Using only the entries below, output the lines starting at the one containing "Starbucks Spring Menu" and ending at the one containing "Aluminum Gas Fuel", exactly and inclusive of both, omitting the pictures.

→ Dataset records:
⟨

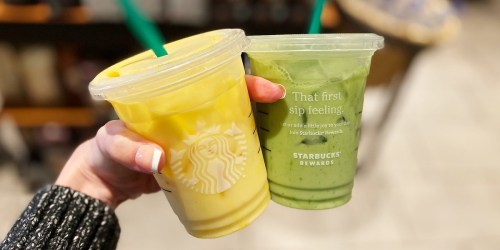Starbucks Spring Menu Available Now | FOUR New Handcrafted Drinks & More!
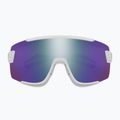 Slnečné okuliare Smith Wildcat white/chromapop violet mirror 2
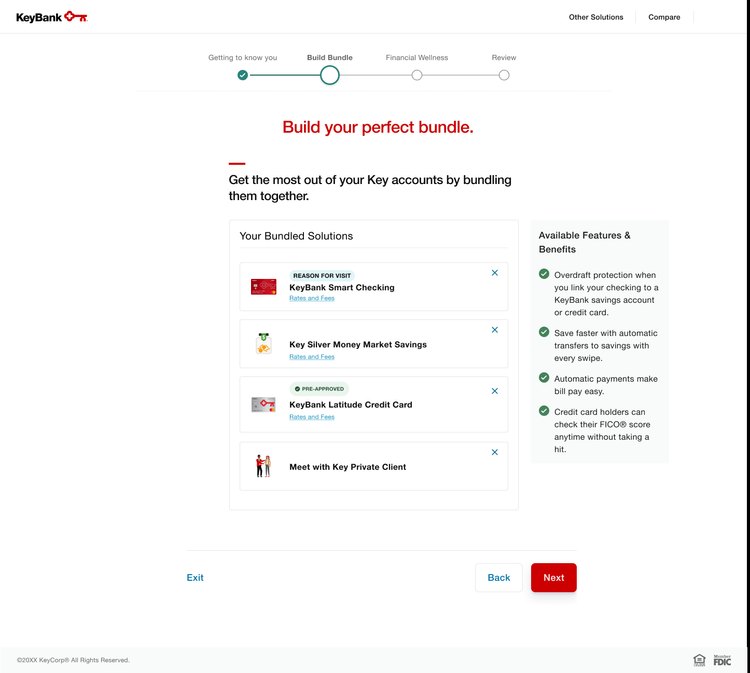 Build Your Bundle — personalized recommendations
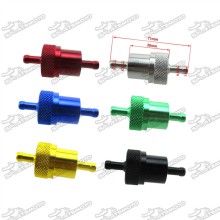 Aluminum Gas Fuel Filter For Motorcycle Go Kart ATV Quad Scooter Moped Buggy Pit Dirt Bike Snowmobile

⟩
⟨

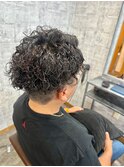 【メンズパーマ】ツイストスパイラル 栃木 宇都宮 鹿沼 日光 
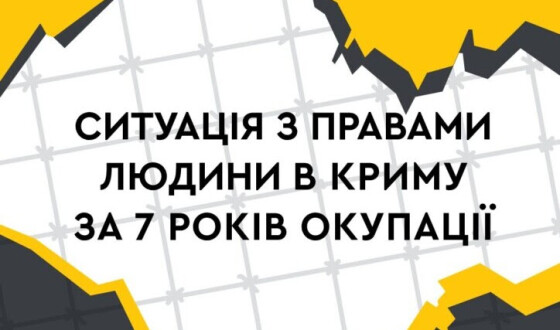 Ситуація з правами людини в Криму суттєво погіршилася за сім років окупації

⟩

→ Answer to this task:
Starbucks Spring Menu Available Now | FOUR New Handcrafted Drinks & More!
 Slnečné okuliare Smith Wildcat white/chromapop violet mirror 2
 Build Your Bundle — personalized recommendations
 Aluminum Gas Fuel Filter For Motorcycle Go Kart ATV Quad Scooter Moped Buggy Pit Dirt Bike Snowmobile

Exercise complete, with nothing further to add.